Viewing performance metrics for all models on a model server
You can monitor the following metrics for all the models that are deployed on a model server:
-
HTTP requests per 5 minutes - The number of HTTP requests that have failed or succeeded for all models on the server.
-
Average response time (ms) - For all models on the server, the average time it takes the model server to respond to requests.
-
CPU utilization (%) - The percentage of the CPU’s capacity that is currently being used by all models on the server.
-
Memory utilization (%) - The percentage of the system’s memory that is currently being used by all models on the server.

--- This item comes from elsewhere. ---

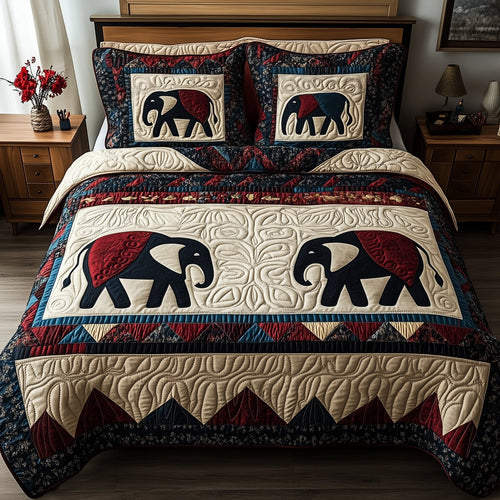 Tribal Tusk Dreams 3-Piece Quilted Bedding Set GFTOTP8796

You can specify a time range and a refresh interval for these metrics to help you determine, for example, when the peak usage hours are and how the models are performing at a specified time.
-
You have installed Open Data Hub.
-
On the OpenShift cluster where Open Data Hub is installed, user workload monitoring is enabled.
-
You have logged in to Open Data Hub.
-
You have deployed models on the multi-model serving platform.
-
From the Open Data Hub dashboard navigation menu, click Data science projects.

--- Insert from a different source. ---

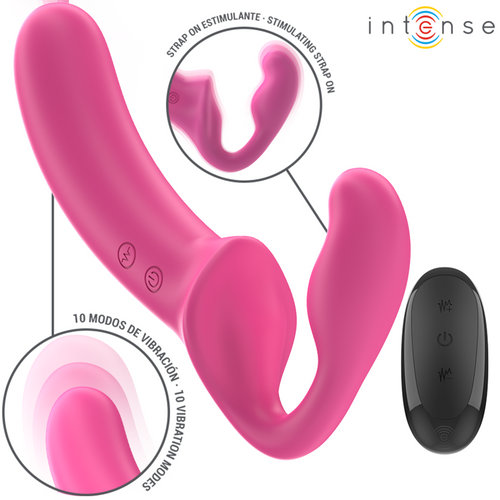 Amy – Doppio Vibratore 20 cm Rosa Telecomando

The Data science projects page opens.
-
Click the name of the project that contains the data science models that you want to monitor.
-
In the project details page, click the Models tab.
-
In the row for the model server that you are interested in, click the action menu (⋮) and then select View model server metrics.
-
Optional: On the metrics page for the model server, set the following options:
-
Time range - Specifies how long to track the metrics. You can select one of these values: 1 hour, 24 hours, 7 days, and 30 days.
-
Refresh interval - Specifies how frequently the graphs on the metrics page are refreshed (to show the latest data). You can select one of these values: 15 seconds, 30 seconds, 1 minute, 5 minutes, 15 minutes, 30 minutes, 1 hour, 2 hours, and 1 day.
-
-
Scroll down to view data graphs for HTTP requests per 5 minutes, average response time, CPU utilization, and memory utilization.
On the metrics page for the model server, the graphs provide data on performance metrics.
Viewing HTTP request metrics for a deployed model
You can view a graph that illustrates the HTTP requests that have failed or succeeded for a specific model that is deployed on the multi-model serving platform.
-
You have installed Open Data Hub.
-
On the OpenShift cluster where Open Data Hub is installed, user workload monitoring is enabled.
-
The following dashboard configuration options are set to the default values as shown:
disablePerformanceMetrics:false disableKServeMetrics:false
For more information about setting dashboard configuration options, see Customizing the dashboard.
-
You have logged in to Open Data Hub.
-
You have deployed models on the multi-model serving platform.
-
From the Open Data Hub dashboard, click Models → Model deployments.
-
On the Model deployments page, select the model that you are interested in.
-
Optional: On the Endpoint performance tab, set the following options:
-
Time range - Specifies how long to track the metrics. You can select one of these values: 1 hour, 24 hours, 7 days, and 30 days.
-
Refresh interval - Specifies how frequently the graphs on the metrics page are refreshed (to show the latest data). You can select one of these values: 15 seconds, 30 seconds, 1 minute, 5 minutes, 15 minutes, 30 minutes, 1 hour, 2 hours, and 1 day.
-
The Endpoint performance tab shows a graph of the HTTP metrics for the model.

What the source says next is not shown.